The challenge of climate change is no longer a technical one, if it ever was. The challenge has always been primarily political, political and ultimately economic, as exemplified by the de facto veto power the richest industry in human history, Big Oil, has long exercised over US federal policy. We as a civilization have known for more than 20 years how to stop global warming: we have to stop burning so much fossil fuel. But Big Oil won’t hear of it. They’d rather relocate the Farm Belt, as Exxon-Mobil CEO Rex Tillerson recently suggested, than leave the last drop of petroleum unburned.
The question Hurricane Sandy really raises, then, is how long Big Oil will be allowed to hold the government of the United States hostage. How long will Exxon-Mobil’s business plans take precedence over the wellbeing and indeed survival of our children? Neither of the two presidential candidates provides great inspiration on this point, though Obama is at least willing to talk about the problem, as when he advocates eliminating some taxpayer subsidies to oil companies. (Romney, for his part, thinks Big Oil has not been favored enough by Washington.)
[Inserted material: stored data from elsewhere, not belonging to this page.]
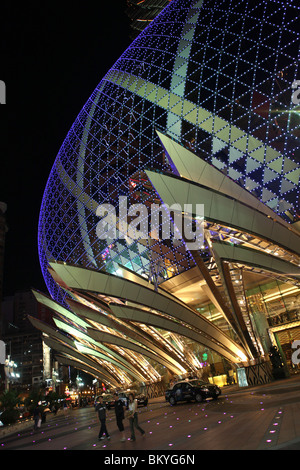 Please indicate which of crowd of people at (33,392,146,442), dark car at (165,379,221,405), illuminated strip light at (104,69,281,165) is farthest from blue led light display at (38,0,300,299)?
crowd of people at (33,392,146,442)

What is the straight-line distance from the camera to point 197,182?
17234 mm

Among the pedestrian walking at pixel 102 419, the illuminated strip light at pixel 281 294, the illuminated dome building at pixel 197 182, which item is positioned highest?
the illuminated dome building at pixel 197 182

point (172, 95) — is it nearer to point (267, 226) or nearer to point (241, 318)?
point (267, 226)

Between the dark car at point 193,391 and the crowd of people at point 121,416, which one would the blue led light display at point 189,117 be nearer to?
the dark car at point 193,391

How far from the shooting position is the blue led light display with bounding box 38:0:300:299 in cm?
1681

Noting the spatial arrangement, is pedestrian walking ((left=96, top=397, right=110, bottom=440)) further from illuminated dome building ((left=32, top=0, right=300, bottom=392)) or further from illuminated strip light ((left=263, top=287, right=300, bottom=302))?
illuminated strip light ((left=263, top=287, right=300, bottom=302))

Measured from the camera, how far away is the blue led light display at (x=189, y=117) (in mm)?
16812

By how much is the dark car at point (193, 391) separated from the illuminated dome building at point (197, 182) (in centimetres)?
508

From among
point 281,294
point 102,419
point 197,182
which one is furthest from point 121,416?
point 281,294

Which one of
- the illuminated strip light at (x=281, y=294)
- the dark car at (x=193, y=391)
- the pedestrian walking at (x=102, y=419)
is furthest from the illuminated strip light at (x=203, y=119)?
the pedestrian walking at (x=102, y=419)

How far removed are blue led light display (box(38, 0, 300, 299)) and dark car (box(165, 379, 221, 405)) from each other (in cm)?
737

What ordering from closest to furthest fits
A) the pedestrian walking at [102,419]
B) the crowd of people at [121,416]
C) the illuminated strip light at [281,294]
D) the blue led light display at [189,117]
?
the crowd of people at [121,416]
the pedestrian walking at [102,419]
the blue led light display at [189,117]
the illuminated strip light at [281,294]

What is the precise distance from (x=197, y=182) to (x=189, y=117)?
5406 mm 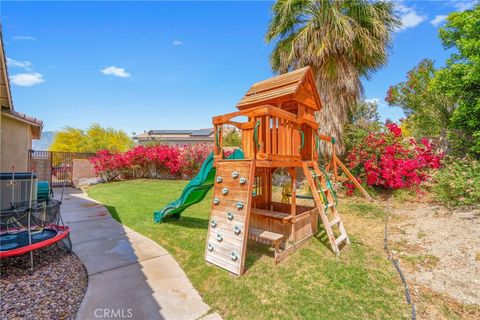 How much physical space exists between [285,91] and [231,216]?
317 centimetres

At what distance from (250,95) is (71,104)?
22.4m

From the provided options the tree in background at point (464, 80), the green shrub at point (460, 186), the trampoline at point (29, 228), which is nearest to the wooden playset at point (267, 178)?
the trampoline at point (29, 228)

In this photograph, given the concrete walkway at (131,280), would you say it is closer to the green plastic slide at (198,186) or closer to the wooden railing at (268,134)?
the green plastic slide at (198,186)

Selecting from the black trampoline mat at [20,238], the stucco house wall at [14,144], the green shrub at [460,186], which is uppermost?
the stucco house wall at [14,144]

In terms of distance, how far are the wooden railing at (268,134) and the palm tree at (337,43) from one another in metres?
5.84

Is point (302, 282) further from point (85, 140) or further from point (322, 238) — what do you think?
point (85, 140)

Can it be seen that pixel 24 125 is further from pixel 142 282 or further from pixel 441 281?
pixel 441 281

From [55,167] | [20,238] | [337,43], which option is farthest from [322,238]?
[55,167]

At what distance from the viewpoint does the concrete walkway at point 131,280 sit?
2680 mm

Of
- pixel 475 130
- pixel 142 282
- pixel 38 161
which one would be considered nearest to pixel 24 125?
pixel 142 282

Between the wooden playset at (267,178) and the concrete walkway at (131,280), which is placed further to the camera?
the wooden playset at (267,178)

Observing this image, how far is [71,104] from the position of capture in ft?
68.0

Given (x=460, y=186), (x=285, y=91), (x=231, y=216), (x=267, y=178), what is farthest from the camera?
(x=460, y=186)

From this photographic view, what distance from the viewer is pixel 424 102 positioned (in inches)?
521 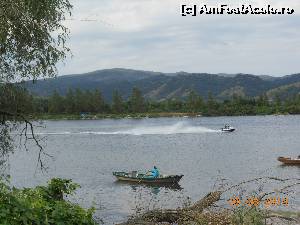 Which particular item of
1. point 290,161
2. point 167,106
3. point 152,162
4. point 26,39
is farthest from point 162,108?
point 26,39

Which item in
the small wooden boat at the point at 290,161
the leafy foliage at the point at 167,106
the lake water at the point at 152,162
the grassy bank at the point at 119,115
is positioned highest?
the leafy foliage at the point at 167,106

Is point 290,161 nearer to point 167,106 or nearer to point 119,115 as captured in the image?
point 119,115

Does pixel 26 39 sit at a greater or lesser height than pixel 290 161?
greater

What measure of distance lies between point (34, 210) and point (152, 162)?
5375cm

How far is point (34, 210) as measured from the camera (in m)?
11.4

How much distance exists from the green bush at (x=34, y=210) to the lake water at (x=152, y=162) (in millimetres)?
7998

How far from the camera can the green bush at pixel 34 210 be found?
35.2 ft

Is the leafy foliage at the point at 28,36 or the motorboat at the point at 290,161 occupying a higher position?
the leafy foliage at the point at 28,36

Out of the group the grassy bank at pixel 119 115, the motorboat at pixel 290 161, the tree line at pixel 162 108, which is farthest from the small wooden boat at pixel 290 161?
the grassy bank at pixel 119 115

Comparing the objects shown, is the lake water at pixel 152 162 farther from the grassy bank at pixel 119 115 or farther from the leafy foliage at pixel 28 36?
the grassy bank at pixel 119 115

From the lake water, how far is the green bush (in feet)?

But no president can cross Big Oil in the way that is required to defuse the climate crisis without the help of a powerful and sustained popular movement. If Hurricane Sandy contributes to building such a movement—and McKibben and his fellow activists at 350.org and allied organizations are launching a national tour shortly after Election Day that aims to do just that—America might still avoid the curse of Cassandra by heeding her warnings at last.